What you have to do » In the entries below, find the line containing "Self Assembly Steel Sack Holder". Copy it and all lines after it, exactly, through the end.

Extracted data entries »

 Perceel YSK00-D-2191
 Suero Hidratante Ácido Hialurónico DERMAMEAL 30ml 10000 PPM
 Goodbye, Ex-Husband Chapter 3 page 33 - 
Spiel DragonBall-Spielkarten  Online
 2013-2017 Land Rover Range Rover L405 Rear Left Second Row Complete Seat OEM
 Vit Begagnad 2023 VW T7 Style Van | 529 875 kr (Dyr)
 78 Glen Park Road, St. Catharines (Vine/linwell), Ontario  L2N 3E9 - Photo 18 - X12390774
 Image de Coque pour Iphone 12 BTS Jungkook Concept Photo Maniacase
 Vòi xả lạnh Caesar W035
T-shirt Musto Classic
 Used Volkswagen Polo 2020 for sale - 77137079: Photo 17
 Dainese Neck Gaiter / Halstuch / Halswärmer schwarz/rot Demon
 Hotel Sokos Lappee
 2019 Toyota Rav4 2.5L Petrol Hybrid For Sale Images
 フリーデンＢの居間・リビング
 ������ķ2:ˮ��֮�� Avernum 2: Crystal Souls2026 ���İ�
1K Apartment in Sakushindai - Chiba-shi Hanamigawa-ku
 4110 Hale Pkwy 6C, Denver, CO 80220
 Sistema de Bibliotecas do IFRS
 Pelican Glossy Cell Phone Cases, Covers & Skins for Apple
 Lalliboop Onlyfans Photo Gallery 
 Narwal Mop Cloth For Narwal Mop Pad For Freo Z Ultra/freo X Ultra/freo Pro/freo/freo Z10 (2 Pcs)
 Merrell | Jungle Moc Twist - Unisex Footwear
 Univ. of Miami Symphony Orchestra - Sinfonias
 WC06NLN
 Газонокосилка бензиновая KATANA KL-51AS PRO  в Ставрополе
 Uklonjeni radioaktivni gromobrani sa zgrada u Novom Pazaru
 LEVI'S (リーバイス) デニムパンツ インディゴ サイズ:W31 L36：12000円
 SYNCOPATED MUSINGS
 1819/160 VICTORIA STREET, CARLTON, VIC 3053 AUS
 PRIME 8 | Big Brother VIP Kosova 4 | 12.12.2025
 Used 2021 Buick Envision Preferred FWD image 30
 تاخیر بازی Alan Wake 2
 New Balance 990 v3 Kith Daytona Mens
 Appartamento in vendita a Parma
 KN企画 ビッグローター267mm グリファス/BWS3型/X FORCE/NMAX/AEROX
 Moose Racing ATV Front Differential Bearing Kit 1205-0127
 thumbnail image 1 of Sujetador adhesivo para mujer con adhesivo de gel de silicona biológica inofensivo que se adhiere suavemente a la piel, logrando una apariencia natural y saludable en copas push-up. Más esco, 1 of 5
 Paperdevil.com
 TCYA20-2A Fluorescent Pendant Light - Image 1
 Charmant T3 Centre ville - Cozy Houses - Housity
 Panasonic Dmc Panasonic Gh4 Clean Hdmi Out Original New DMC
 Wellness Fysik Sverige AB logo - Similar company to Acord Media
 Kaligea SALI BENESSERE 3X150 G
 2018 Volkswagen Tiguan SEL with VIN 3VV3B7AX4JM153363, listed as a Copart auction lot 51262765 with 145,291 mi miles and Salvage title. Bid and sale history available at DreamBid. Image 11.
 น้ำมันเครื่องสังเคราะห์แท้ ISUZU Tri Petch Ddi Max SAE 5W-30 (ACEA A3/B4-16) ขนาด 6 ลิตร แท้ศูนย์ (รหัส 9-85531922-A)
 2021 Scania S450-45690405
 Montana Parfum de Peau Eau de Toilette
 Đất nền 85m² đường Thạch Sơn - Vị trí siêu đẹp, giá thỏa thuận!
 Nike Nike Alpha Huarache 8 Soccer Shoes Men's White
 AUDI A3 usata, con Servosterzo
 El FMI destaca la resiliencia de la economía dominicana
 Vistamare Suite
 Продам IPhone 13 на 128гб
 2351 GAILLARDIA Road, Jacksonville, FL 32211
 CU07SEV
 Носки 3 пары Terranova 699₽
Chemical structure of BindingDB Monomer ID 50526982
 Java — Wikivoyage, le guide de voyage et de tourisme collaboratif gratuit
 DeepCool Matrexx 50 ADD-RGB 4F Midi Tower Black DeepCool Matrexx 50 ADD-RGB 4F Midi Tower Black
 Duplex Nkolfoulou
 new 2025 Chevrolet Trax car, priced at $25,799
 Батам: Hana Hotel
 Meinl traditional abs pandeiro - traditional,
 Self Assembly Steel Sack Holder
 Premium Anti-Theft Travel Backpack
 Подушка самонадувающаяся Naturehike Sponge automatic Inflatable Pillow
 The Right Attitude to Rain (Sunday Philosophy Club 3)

Answer area »
 Self Assembly Steel Sack Holder
 Premium Anti-Theft Travel Backpack
 Подушка самонадувающаяся Naturehike Sponge automatic Inflatable Pillow
 The Right Attitude to Rain (Sunday Philosophy Club 3)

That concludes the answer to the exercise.